Directions: Wherever the word "Photo" appears in a line below, that line counts; report the total number of such lines only.

== Source material ==

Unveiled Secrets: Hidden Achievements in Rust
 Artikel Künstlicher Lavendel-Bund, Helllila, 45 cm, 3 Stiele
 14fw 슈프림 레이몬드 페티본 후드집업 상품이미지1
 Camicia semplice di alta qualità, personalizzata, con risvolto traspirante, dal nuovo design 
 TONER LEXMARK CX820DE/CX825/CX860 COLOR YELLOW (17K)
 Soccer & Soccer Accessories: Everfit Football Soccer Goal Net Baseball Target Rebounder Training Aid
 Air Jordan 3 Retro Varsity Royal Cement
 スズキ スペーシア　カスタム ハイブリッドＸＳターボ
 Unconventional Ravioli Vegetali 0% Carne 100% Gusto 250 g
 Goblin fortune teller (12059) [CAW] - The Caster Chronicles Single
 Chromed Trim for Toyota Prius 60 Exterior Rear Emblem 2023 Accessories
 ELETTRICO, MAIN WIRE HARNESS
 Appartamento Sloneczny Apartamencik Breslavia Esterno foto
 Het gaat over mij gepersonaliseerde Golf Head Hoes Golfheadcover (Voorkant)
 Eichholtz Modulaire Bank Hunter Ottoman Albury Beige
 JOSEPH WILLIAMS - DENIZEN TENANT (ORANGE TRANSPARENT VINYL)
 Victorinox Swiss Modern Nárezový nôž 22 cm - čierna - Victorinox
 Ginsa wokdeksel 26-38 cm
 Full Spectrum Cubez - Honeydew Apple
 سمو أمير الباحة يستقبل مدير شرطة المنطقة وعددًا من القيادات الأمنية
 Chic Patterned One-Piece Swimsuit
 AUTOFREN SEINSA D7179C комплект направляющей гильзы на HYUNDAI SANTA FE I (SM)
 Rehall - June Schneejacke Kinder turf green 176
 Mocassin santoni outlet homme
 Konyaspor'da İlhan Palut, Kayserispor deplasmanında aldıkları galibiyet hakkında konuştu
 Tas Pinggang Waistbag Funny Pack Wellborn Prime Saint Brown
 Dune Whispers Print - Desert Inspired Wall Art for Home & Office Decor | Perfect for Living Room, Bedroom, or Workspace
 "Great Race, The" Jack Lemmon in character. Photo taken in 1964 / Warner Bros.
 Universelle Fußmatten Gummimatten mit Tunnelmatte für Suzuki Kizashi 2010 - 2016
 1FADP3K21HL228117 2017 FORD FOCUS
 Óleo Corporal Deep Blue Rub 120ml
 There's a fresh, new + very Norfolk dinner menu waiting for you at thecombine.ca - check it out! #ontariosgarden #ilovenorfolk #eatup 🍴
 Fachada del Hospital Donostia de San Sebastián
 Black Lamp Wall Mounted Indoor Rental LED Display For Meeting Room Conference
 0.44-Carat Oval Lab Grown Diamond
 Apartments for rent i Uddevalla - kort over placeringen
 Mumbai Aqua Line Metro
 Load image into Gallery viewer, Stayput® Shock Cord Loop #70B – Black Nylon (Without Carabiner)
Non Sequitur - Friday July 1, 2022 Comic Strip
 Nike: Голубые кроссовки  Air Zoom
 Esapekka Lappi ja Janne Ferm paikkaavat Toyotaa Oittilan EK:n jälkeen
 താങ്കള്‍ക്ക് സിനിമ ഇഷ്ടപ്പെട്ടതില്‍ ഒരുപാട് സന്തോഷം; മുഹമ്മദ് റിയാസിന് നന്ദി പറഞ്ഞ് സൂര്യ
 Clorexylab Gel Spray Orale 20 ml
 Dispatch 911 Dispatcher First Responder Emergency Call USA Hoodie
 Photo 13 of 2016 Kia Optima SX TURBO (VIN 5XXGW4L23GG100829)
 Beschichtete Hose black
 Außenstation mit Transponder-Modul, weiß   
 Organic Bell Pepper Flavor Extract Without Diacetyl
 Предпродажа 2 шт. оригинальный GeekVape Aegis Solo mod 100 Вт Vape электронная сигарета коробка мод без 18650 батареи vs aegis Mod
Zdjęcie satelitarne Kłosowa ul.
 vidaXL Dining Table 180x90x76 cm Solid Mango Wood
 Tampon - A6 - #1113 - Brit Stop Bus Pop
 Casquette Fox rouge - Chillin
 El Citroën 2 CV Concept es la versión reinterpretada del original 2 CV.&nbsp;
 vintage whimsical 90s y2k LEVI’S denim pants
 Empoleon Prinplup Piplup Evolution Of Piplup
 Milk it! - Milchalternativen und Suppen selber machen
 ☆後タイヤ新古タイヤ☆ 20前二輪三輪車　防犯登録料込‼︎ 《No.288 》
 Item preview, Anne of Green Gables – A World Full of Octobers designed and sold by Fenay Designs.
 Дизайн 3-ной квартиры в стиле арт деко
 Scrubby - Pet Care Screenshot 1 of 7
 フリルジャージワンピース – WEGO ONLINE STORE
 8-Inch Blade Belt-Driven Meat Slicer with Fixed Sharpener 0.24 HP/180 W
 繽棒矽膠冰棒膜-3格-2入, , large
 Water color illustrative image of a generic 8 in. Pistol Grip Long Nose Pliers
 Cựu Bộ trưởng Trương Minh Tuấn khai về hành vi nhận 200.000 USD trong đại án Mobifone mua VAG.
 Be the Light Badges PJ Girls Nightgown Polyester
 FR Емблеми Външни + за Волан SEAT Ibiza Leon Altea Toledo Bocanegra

===

Solution for this exercise: 2